'Working mom' dishes easy to prepare, plenty of leftovers
While the harsh winter has everyone hunkered down in their homes, some moms are still on the go. These recipes are a great excuse to stay in after work, and the lemon rosemary chicken and roasted veggies will please eaters of all ages.
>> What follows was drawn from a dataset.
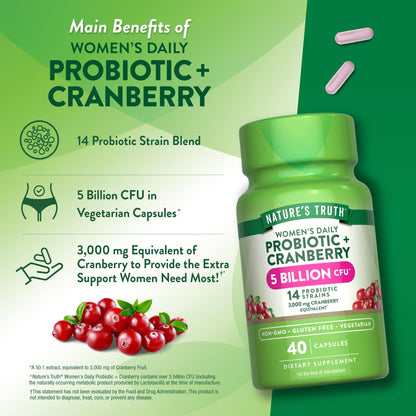 Nature's Truth Probiotics for Women | 5 Billion CFUs Daily | 40 Vegetarian Capsules | Cranberry | Non-GMO & Gluten Free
- 1 split bone-in chicken breast
- 3 1/4-inch wide strips of lemon peel
- 1 small clove garlic, minced
- 2 sprigs fresh Rosemary
- 1 1/2 teaspoons Olive Oil
- Kosher Salt & Pepper (to taste)
The key to getting the juicy, flavorful meat is putting all of the seasonings underneath the skin. So, first things first - gently loosen the skin from the breast by inserting your fingers and gently pushing between the skin and meat.Next, arrange the garlic, lemon peel and rosemary on the meat, underneath the skin. Sprinkle with a little salt and pepper, and rub in 1 teaspoon of the olive oil – again, all of this happens underneath the skin. Rub remaining olive oil on top of skin. Place breasts in a Ziploc bag to marinate in the fridge for at least 30 minutes. Usually we like to roast the chicken on the grill, using a convection or “indirect” method. But, you can also roast them in the regular oven, of course!Preheat to 450. Arrange chicken breasts in a roasting pan. Roast for 20 minutes, until the skin is sizzling golden brown, then reduce temp to 400 and roast until the meat is cooked through, about 30 minutes. Note: if your kitchen gets too smoky, lower your temperature a bit, and lengthen cook time accordingly.
- 2 heads broccoli
- 5 large carrots, peeled and quartered
- 1.5 pounds red potatoes, quartered
- 3 large garlic cloves, chopped
- 1 Tablespoon fresh rosemary, chopped
- 2 Tablespoons Olive Oil
- Squeeze of fresh lemon juice
Preheat the oven to 400 degrees. Cut the broccoli florets into bite-sized pieces. Place the broccoli, carrots, potatoes and garlic into a large bowl. Add oil, rosemary, salt and pepper and mix well. Place on a cookie sheet, taking care to tuck the garlic pieces underneath a few veggies so it doesn’t burn (you also might need to spread the vegetables out over two cookie sheets for even roasting). Roast for 30-35 minutes or until desired doneness, stirring once. Finish with a squeeze of fresh lemon juice, while the vegetables are still hot. I like to serve the chicken with rice and roasted or steamed vegetables on the first day. Then, we reinvent shredded or sliced chicken for a number of other weekday recipes.